In Ukraine, by contrast, security services are rumored to have kidnapped members of the Tajik, Uzbek, and Russian diasporas that are wanted by their home country on terrorism and political opposition charges and to handle them there without any due process. Needless to say, that does not increase inmates’ trust in government.

The Islamic State has little real competition in the prisons for winning over such inmates. It has become the strongest anti-government force in many of them, and it’s one that openly promises (at least in its propaganda) to liberate the oppressed. According to one recently released ex-Islamic State fighter in Kyrgyzstan, “In prison we were very respected, because we stood up again oppressive regime in Syria.” Now that he is free, he is still respected among the criminal community of his town.

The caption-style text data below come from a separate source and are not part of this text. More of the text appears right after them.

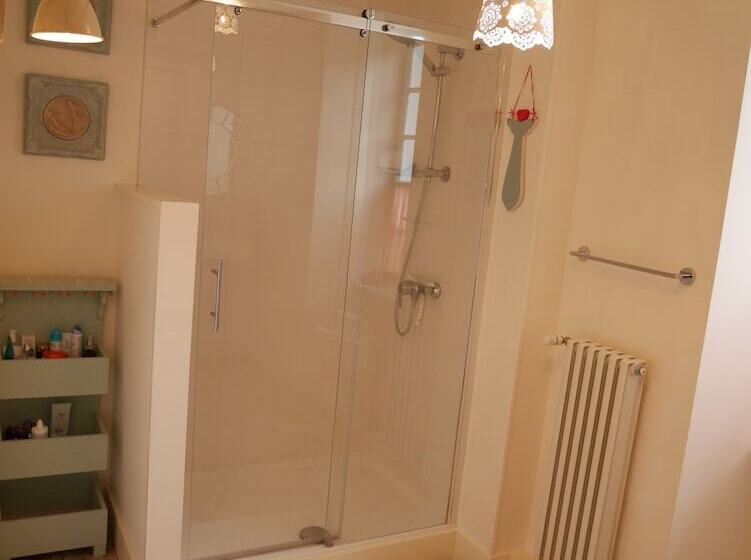 Номер Стандарт, L Arbre D Ange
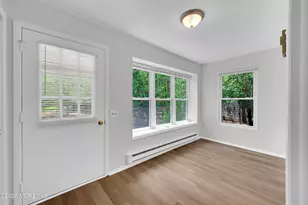 14 D Potomac Ln, Whiting, NJ 08759 - Photo 5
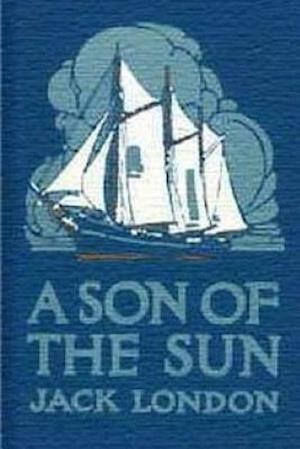 A Son of the Sun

There will be many more like him on the streets in the years to come. Over the next five to 10 years, many will be released from jail and their sentences. And before then, the concentration of fighting-age, combat-ready militants in desperate prison situations increases the possibility of prison breaks. For example, in Tajikistan this May, there was major Islamic State prison riot, led by a son of Gulmurod Khalimov, the group’s military leader who was killed in Syria in 2017. In that case, 29 inmates were recorded to be killed and land border crossings with neighboring countries were closed.

Incidents like that could be just the beginning; riots tend to take on a life of their own, causing chain reactions through different countries. Successful Islamic State attacks, such as the 2017 Stockholm terrorist attack, and the group’s military achievements in Iraq are already reason for celebration in prisons all over the word, even among non-Muslim and not particularly religious inmates who are tired of the way they are treated.